Description of the task
Your answer is the lines below, exactly, from the one that contains "Tropical pattern of fern leaves" through the one that contains "Garden Poster - Turtle", both included.

Data extracts
-----

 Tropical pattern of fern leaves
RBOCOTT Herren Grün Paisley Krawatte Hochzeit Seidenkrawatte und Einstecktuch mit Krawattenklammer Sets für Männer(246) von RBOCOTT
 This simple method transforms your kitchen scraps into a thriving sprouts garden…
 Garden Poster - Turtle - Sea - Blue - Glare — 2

-----

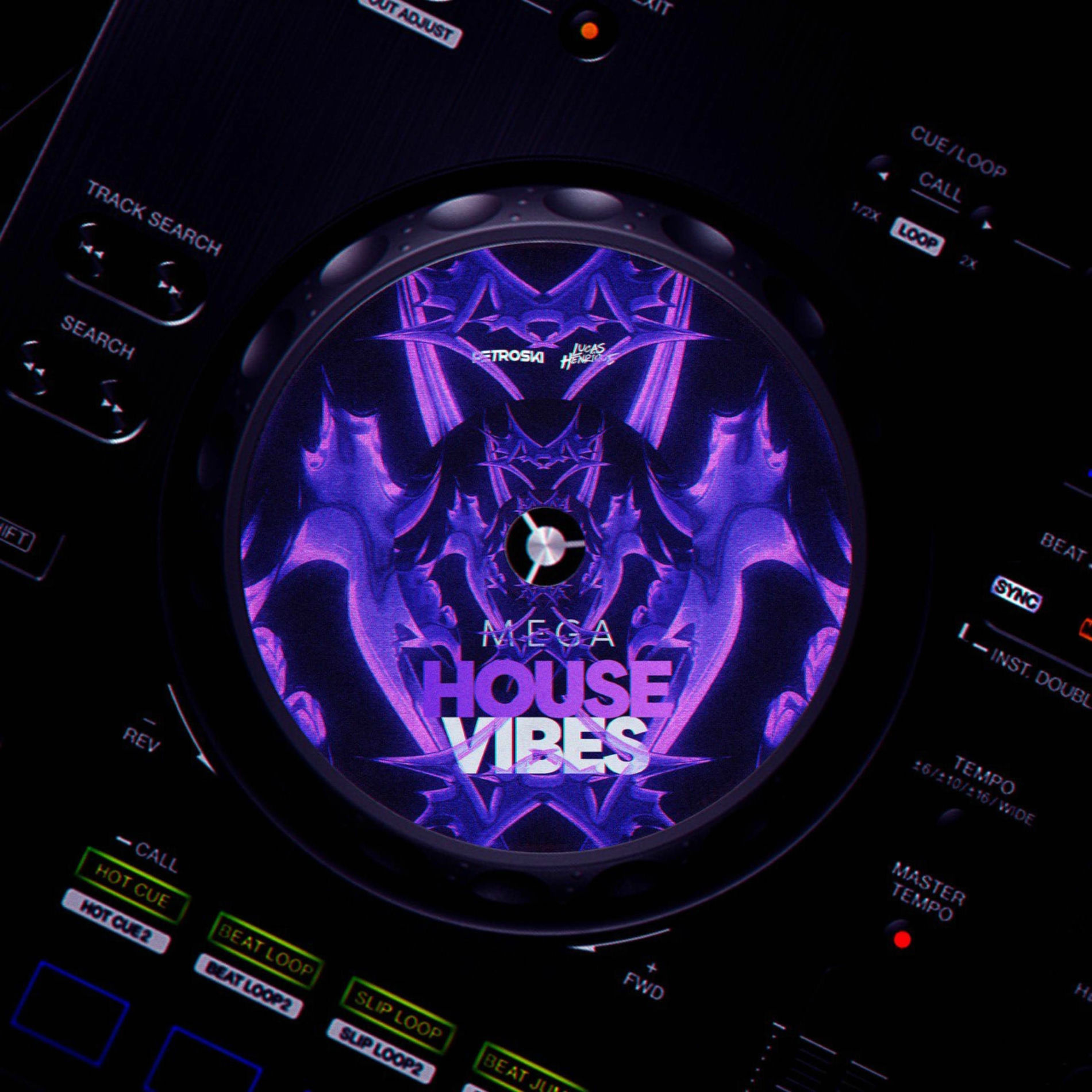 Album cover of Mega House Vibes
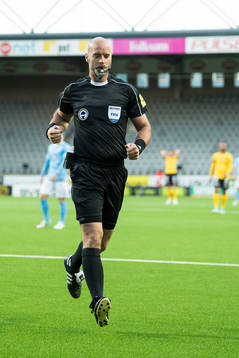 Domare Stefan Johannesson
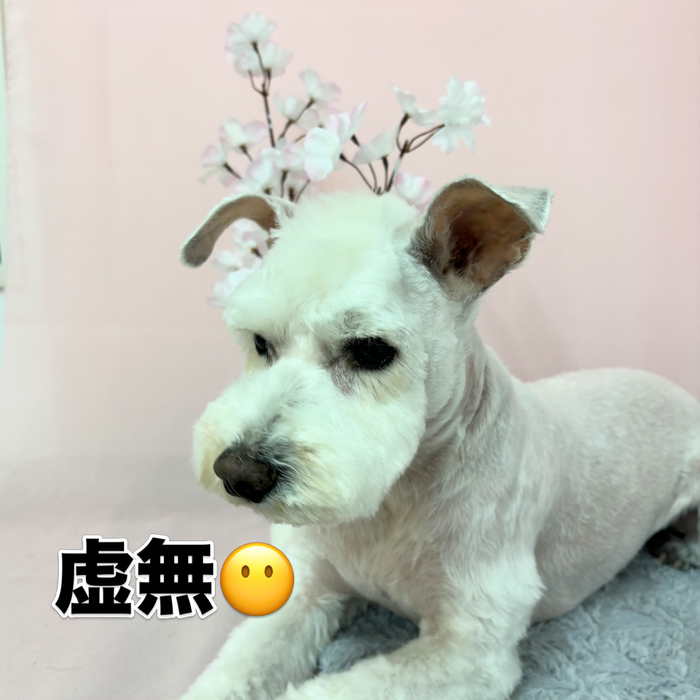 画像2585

-----

Solution
 Tropical pattern of fern leaves
RBOCOTT Herren Grün Paisley Krawatte Hochzeit Seidenkrawatte und Einstecktuch mit Krawattenklammer Sets für Männer(246) von RBOCOTT
 This simple method transforms your kitchen scraps into a thriving sprouts garden…
 Garden Poster - Turtle - Sea - Blue - Glare — 2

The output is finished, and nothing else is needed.